YOUR INSTRUCTIONS:
Your reply should hold exactly the lines from the one that contains "2022 Kia K5 LXS" through the end of the data. Repeat them word for word.

*** DATASET EXTRACT ***

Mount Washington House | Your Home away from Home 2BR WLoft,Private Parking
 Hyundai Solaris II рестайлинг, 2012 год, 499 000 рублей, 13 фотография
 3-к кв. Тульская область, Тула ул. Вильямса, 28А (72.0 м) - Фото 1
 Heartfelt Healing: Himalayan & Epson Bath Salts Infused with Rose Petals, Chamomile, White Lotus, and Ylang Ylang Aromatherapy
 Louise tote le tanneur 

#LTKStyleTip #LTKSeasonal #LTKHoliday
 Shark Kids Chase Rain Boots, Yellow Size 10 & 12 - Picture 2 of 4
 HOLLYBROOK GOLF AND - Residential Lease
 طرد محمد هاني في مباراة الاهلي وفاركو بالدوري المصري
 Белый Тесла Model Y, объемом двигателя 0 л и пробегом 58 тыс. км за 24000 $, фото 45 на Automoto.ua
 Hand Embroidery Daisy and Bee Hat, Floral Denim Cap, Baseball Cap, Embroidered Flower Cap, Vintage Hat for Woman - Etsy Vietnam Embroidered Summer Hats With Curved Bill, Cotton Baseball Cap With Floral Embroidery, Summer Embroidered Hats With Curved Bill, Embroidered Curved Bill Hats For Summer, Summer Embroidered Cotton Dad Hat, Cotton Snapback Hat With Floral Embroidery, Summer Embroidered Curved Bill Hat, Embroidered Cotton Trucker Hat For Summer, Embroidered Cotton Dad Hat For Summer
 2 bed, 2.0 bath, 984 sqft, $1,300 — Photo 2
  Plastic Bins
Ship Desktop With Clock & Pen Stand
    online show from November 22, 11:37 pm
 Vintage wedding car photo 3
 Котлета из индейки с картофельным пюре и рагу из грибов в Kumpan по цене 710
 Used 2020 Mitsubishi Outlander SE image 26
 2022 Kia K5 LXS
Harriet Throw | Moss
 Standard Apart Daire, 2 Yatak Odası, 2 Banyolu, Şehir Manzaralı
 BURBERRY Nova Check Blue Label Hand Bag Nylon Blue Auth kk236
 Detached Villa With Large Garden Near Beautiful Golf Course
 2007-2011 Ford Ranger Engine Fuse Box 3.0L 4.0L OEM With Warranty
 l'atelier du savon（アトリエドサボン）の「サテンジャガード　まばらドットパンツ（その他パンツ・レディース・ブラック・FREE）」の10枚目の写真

*** End of DATASET EXTRACT ***

SOLUTION TO THE EXERCISE:
 2022 Kia K5 LXS
Harriet Throw | Moss
 Standard Apart Daire, 2 Yatak Odası, 2 Banyolu, Şehir Manzaralı
 BURBERRY Nova Check Blue Label Hand Bag Nylon Blue Auth kk236
 Detached Villa With Large Garden Near Beautiful Golf Course
 2007-2011 Ford Ranger Engine Fuse Box 3.0L 4.0L OEM With Warranty
 l'atelier du savon（アトリエドサボン）の「サテンジャガード　まばらドットパンツ（その他パンツ・レディース・ブラック・FREE）」の10枚目の写真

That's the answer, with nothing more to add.